==== SUPPLIED DATA

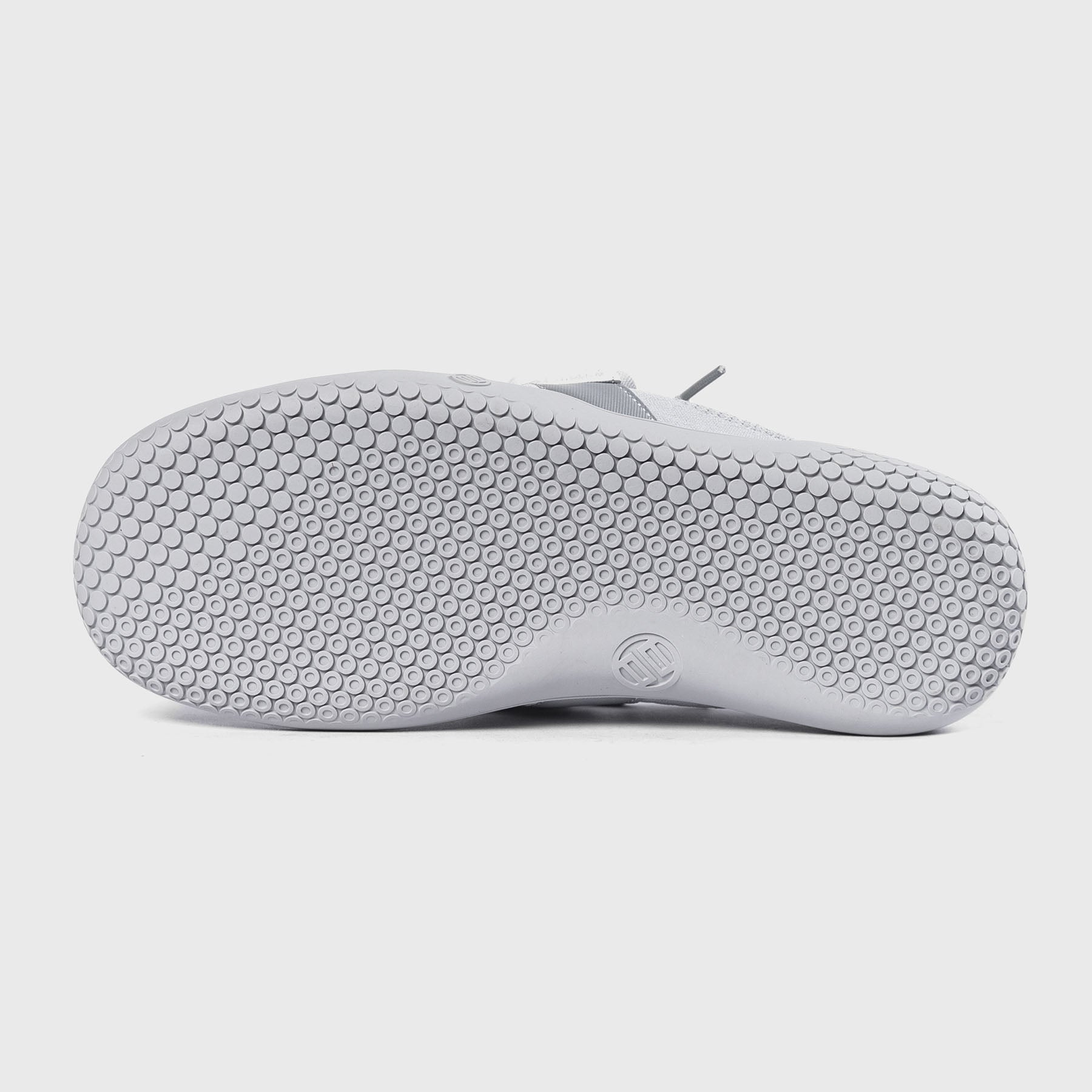 LUXIAOJUN - Nature Trainers 1.0 - Grey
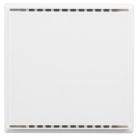 ELSNER 70646 KNX AQS/TH-UP gl CH- pure white RAL 9010 KNX Senso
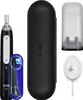 Braun Oral-B elektrische Zahnbürste iO 4 BLACK Produktbild-Vorschau 2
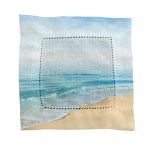 Seaside Fabric Napkin 2 Seaside Fabric Napkin 2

========

- _YOUR ASSIGNMENT_:
A faithful, picture-free copy of the material is what this task asks for.

- _EXERCISE OUTPUT_:
 LUXIAOJUN - Nature Trainers 1.0 - Grey
 ELSNER 70646 KNX AQS/TH-UP gl CH- pure white RAL 9010 KNX Senso
 Braun Oral-B elektrische Zahnbürste iO 4 BLACK Produktbild-Vorschau 2
 Seaside Fabric Napkin 2 Seaside Fabric Napkin 2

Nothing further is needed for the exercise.